[Stored entries]
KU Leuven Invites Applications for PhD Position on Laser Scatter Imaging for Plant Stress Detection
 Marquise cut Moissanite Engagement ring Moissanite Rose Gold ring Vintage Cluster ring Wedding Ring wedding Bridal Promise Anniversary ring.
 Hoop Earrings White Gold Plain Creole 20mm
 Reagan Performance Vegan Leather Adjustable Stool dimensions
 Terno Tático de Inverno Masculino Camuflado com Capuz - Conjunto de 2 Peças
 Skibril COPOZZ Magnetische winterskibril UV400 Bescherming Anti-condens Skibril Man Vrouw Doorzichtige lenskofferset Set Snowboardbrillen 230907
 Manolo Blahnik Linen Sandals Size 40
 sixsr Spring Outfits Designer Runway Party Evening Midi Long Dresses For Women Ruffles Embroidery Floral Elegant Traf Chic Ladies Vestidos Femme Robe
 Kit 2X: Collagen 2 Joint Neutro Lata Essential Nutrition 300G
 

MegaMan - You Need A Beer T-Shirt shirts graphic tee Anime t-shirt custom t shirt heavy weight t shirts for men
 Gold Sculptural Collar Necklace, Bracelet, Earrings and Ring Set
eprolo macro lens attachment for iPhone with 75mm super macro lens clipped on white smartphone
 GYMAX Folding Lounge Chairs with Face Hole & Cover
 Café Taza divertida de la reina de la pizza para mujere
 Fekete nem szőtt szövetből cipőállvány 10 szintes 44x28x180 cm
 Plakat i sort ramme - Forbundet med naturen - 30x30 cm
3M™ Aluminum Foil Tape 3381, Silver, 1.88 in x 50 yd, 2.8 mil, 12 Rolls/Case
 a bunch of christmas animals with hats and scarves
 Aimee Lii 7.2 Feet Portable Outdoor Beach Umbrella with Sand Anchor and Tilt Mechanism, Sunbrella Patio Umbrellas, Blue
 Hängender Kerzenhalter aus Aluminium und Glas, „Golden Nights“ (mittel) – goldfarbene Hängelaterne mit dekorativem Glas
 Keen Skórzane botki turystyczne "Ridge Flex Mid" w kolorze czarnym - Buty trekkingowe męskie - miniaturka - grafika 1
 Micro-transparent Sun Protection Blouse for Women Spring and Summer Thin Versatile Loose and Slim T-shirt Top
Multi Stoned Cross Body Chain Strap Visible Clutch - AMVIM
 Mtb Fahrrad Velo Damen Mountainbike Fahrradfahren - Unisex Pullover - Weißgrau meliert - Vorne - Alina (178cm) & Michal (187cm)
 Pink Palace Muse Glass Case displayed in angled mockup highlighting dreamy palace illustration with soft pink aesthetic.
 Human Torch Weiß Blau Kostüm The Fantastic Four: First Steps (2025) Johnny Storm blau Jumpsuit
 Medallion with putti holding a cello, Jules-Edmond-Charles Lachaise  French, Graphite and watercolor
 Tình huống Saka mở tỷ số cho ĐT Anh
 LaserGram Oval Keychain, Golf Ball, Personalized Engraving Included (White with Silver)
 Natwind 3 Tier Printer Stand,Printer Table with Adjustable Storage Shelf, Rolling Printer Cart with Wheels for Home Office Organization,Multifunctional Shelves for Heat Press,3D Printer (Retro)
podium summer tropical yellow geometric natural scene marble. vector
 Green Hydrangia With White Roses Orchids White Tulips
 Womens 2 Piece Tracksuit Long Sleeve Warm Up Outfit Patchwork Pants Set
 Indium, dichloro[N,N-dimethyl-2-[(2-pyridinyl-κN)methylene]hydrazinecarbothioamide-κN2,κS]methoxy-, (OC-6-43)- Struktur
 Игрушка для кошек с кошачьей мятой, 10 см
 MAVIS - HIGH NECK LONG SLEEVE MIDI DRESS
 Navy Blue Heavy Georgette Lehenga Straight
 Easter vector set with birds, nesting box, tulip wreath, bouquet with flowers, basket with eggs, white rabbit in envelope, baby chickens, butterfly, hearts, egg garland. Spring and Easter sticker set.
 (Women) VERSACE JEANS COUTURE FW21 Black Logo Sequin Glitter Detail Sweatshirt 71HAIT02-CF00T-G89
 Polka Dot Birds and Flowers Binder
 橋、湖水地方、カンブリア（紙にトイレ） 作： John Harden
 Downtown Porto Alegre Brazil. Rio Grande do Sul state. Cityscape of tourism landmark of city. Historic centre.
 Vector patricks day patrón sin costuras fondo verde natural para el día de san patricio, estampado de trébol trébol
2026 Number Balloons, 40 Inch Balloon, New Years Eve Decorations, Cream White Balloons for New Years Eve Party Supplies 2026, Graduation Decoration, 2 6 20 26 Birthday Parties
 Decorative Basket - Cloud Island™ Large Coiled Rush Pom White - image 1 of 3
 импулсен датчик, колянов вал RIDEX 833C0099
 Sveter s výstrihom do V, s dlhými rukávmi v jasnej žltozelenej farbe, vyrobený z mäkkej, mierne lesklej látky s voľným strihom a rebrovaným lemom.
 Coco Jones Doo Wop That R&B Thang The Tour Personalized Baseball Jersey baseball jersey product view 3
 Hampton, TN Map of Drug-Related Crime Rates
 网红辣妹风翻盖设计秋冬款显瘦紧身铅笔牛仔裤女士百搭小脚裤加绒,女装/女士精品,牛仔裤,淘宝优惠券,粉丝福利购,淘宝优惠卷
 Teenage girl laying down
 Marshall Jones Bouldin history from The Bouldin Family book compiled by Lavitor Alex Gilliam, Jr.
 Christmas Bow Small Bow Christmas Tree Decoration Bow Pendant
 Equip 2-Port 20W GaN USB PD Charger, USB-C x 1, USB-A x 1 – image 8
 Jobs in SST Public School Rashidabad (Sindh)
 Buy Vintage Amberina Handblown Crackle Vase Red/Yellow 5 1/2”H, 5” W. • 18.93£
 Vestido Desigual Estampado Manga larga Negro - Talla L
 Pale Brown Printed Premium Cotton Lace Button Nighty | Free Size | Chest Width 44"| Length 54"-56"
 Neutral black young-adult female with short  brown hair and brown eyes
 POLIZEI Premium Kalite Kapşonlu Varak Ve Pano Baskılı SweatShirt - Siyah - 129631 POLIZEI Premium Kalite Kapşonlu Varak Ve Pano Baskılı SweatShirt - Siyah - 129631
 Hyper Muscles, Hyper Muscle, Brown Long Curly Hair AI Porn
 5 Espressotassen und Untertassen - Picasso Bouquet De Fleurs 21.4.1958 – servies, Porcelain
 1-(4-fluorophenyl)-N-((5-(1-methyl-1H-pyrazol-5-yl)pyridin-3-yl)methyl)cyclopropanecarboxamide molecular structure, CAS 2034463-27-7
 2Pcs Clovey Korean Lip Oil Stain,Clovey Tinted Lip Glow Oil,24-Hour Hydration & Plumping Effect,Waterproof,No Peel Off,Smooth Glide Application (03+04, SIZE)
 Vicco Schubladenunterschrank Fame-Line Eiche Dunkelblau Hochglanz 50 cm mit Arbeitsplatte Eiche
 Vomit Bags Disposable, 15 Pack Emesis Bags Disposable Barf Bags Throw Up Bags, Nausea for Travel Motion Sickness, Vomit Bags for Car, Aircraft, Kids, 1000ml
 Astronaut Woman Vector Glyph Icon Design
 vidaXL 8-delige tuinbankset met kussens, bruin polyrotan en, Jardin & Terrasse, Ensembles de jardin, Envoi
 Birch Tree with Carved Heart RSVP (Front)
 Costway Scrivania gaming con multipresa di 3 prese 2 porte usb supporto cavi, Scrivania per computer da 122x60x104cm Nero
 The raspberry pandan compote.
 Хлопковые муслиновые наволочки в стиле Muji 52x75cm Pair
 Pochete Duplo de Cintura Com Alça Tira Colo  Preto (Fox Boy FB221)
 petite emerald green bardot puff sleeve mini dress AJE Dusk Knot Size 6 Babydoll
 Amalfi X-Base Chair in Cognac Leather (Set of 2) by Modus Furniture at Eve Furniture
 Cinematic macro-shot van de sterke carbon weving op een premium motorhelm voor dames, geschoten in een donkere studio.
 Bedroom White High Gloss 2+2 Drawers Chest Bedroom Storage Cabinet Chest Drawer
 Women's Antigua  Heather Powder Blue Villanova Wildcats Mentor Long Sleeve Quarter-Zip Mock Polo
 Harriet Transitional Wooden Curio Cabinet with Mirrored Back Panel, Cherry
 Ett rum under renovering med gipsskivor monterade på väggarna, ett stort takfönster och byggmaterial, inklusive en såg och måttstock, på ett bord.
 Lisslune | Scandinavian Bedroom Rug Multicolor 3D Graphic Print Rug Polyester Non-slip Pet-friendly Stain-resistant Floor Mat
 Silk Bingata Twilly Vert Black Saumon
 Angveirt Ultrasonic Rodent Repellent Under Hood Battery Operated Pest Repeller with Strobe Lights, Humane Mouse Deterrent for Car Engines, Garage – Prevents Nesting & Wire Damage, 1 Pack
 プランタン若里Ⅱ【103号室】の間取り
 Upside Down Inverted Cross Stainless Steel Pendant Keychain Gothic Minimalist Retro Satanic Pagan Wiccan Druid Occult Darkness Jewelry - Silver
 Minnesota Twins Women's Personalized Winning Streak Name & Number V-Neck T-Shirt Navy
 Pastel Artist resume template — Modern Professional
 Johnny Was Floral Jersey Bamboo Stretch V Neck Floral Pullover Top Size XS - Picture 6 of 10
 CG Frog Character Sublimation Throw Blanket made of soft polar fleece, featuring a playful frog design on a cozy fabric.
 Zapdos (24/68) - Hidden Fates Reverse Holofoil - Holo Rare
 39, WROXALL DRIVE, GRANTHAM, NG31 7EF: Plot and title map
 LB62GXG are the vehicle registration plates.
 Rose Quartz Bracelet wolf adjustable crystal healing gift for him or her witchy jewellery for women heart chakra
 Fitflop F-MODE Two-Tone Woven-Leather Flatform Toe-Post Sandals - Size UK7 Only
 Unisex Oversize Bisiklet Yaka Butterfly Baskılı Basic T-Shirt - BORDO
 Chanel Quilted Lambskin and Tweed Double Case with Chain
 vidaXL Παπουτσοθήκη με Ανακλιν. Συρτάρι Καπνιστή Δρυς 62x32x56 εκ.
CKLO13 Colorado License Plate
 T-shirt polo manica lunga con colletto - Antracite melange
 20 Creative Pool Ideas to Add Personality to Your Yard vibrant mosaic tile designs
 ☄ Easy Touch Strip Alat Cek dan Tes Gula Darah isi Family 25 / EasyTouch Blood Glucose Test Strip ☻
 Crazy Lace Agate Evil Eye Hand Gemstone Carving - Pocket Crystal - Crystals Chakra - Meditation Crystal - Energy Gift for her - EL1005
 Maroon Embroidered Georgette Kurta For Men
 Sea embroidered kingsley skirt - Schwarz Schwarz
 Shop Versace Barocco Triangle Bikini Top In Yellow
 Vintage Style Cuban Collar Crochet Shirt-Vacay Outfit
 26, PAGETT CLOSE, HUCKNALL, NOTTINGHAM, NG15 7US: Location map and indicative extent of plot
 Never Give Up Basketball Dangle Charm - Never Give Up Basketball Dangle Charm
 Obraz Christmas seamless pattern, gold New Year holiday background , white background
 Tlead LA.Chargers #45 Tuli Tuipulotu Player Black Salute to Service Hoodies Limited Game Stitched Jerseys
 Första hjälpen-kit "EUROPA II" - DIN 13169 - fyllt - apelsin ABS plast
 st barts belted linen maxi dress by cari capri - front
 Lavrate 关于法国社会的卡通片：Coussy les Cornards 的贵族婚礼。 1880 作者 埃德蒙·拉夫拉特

> Exercise instructions:
Give back the lines of the data exactly as they are written, from the first line through the line containing "GYMAX Folding Lounge".

> Written solution:
KU Leuven Invites Applications for PhD Position on Laser Scatter Imaging for Plant Stress Detection
 Marquise cut Moissanite Engagement ring Moissanite Rose Gold ring Vintage Cluster ring Wedding Ring wedding Bridal Promise Anniversary ring.
 Hoop Earrings White Gold Plain Creole 20mm
 Reagan Performance Vegan Leather Adjustable Stool dimensions
 Terno Tático de Inverno Masculino Camuflado com Capuz - Conjunto de 2 Peças
 Skibril COPOZZ Magnetische winterskibril UV400 Bescherming Anti-condens Skibril Man Vrouw Doorzichtige lenskofferset Set Snowboardbrillen 230907
 Manolo Blahnik Linen Sandals Size 40
 sixsr Spring Outfits Designer Runway Party Evening Midi Long Dresses For Women Ruffles Embroidery Floral Elegant Traf Chic Ladies Vestidos Femme Robe
 Kit 2X: Collagen 2 Joint Neutro Lata Essential Nutrition 300G
 

MegaMan - You Need A Beer T-Shirt shirts graphic tee Anime t-shirt custom t shirt heavy weight t shirts for men
 Gold Sculptural Collar Necklace, Bracelet, Earrings and Ring Set
eprolo macro lens attachment for iPhone with 75mm super macro lens clipped on white smartphone
 GYMAX Folding Lounge Chairs with Face Hole & Cover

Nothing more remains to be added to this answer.